この『ダニが繁殖した粉』を食べてしまうことで、”ダニの食物アレルギー” を起こすことがあるんです!
- 正式名称「経口ダニアナフィラキシー」
- 俗称「パンケーキシンドローム」
ひどい時は粉の半分くらいがダニに入れ替わってしまうこともあり、かなり大量のダニを食べてしまうことがあります。ダニアレルゲンは加熱しても弱くならないため、加熱調理したパンケーキやお好み焼きでも発症します。
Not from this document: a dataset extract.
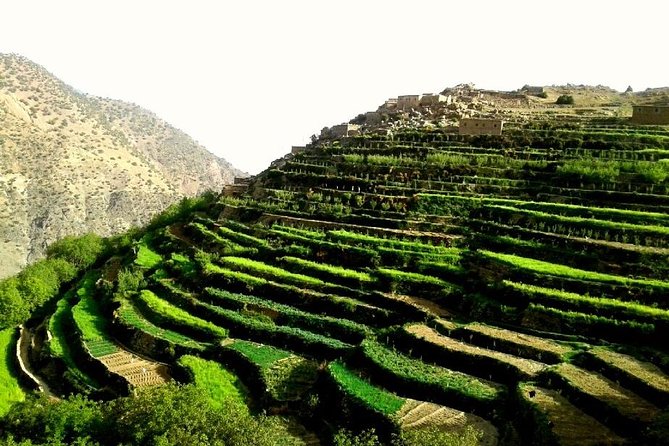 2-Day Guided Trek of the Atlas Mountains and Berber Villages - Day Two: Villages, Forests, Rivers, and the Return to Marrakech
主に増殖するダニは「コナダニ」という種類で、小さいので肉眼で確認するのは難しいですが、粉を顕微鏡などで観察するとうごめいているのが見えます。(実際に顕微鏡で観察したことがありますが、気持ち悪いです。。。)
「粉もの」は開封したら冷蔵庫へ!
コナダニは、小麦粉がメインの「粉もの」に増殖しやすいようです。砂糖や塩には増殖することはありません。
低温ではコナダニはほとんど繁殖しないそうです。小麦粉、ホットケーキミックス、お好み焼き粉は開封したら冷蔵庫で保管しましょう!
未開封でも常温で長期間放置すると繁殖することがあるようなので要注意です。
「お好み焼き屋さん」などの店舗は粉を開封してから使い切るまで数日以内なので、パンケーキシンドロームは起こりにくいようです。圧倒的に一般家庭で起こりやすいです。
「粉もの」は冷蔵庫保管!
ダニ・ハウスダストアレルギーの方、「パンケーキシンドローム」に要注意ですよ!